#### INPUT ####
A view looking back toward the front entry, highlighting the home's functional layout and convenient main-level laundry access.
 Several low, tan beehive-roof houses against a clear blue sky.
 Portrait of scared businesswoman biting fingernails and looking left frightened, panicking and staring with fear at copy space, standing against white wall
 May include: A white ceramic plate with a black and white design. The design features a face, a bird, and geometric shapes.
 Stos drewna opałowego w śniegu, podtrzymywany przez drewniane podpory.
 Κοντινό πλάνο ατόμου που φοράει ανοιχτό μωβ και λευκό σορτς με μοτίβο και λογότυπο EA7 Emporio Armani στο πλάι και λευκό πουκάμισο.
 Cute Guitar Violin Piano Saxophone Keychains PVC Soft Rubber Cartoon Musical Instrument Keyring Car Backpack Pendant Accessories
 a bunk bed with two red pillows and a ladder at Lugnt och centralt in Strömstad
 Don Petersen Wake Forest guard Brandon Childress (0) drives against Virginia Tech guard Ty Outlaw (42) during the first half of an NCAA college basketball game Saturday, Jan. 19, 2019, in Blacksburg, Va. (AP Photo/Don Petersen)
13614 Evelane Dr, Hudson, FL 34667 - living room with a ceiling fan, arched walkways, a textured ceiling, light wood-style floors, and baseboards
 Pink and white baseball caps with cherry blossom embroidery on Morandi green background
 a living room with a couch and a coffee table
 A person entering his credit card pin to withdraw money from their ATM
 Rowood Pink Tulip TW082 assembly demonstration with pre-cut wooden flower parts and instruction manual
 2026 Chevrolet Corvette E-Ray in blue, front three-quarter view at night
####
Copy out the lines starting at the one containing "A person entering" and ending with the last line of the entries. Include nothing else.

--- WRITTEN RESPONSE ---
 A person entering his credit card pin to withdraw money from their ATM
 Rowood Pink Tulip TW082 assembly demonstration with pre-cut wooden flower parts and instruction manual
 2026 Chevrolet Corvette E-Ray in blue, front three-quarter view at night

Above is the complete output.